APTI, Day 4 – Sangam Guide Centre, the Old Fort at Pune (Shaniwar Wada)

Saturday was a day to take it easy and combat jet lag. We started the morning off by visiting the “German Bakery” for some breakfast omelets. Although its name suggests otherwise, the German Bakery is actually run by Nepalese or Sri Lankans; their nationality is a bit of a mystery. Steven’s various friends, who among them speak various Indian dialects, have been unable to identify the language spoken by the workers.

However, the food at the German Bakery has some resemblance to what you might find in a bakery in North America, although, as always, with some local quirks.

After breakfast, we made our way to Steven’s office to make use of the Internet and get a few odds and ends done there. Irene wanted to visit Sangam, an International Girl Guide Centre, which happens to be just a short distance away from Steven’s office. Irene’s sister-in-law, Penny, has been to all of the other World Centres (Switzerland, the UK, and Mexico) with her three daughters, but has never made it to one in Pune, so we wanted to make a vicarious visit for her.

Pool and Palms at Sangam

Garden and Dorm Units Pool and Courtyard at Sangam

Pool & Palms at Sangam

Garden & Dorm Units


We began by walking but ended up getting a rickshaw for the last little distance.
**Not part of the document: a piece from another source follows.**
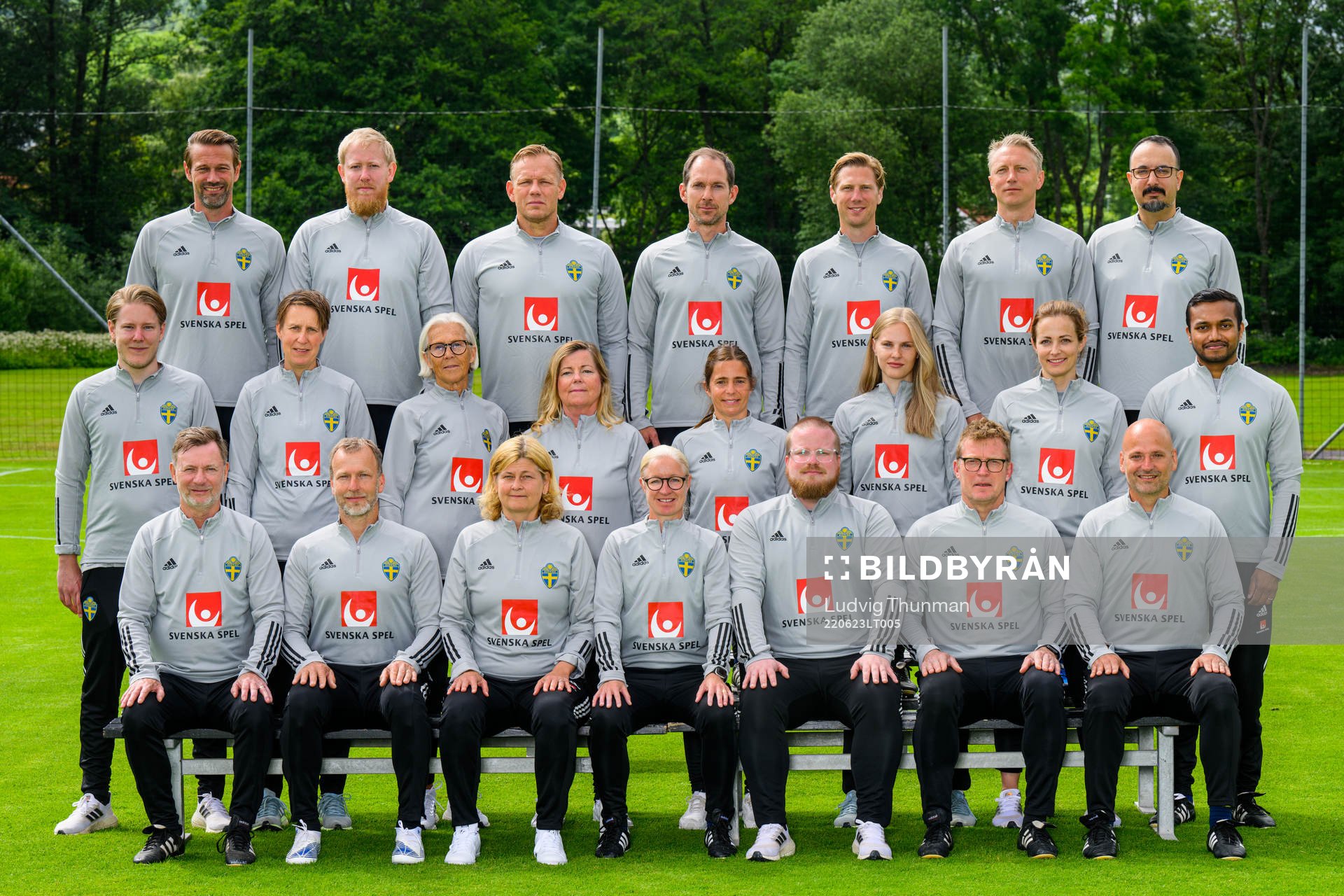 Staff of the women's national football team of Sweden poses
After walking around the grounds for a while and asking if the gift shop would be open, we found out that the gift shop only opened at tea time. We were just about to give up and leave, when someone noticed us and asked if we wanted a tour. We happily agreed, and ended up staying for lunch as well, which turned out to be a traditional Maharashtran meal, albeit toned down a bit for the participants, who had only just arrived the day before.

The day was fairly hot and drippy, so after lunch, we made it back to Steven’s apartment to cool down a bit with a mid-day shower.

Toward evening, when it was cooler, we made our way into an older section of Pune to visit an 18th century fort/palace. The palace and surrounding walls and battlements had been built by a rich and powerful family at the beginning of the 18th century. Unfortunately, the palace itself, a seven story complex, had burned down late in the 18th century, leaving only the stone foundations, but the walls and gates are still very much intact.

The fort gates View of the grounds from atop the gate Irene and Steven on the fort wall

The Fort gates

Garden from atop the gate

On the fort wall

While we were at the palace, we drew a certain amount of attention as the only westerners in the entire complex (and the only “tourists” sporting a camera). A pair of young teenage boys followed us around for a while, giggling to themselves, until they finally mustered up the courage to ask where we were from. Then they scooted off. Later, a young boy of five or so came up to me with a big grin and said “Hello,” obviously having been coached by his father, who was standing in the background. I extended my hand, and said, “Hello, there. How are you?” at which point his father prompted him to say, “Fine,” and he scuttled off with a grin on his face a mile wide. It was a curiously charming moment.

We rounded out the day with some more Indian food at a very nice little restaurant near Steven’s apartment and came home to get some much-needed sleep.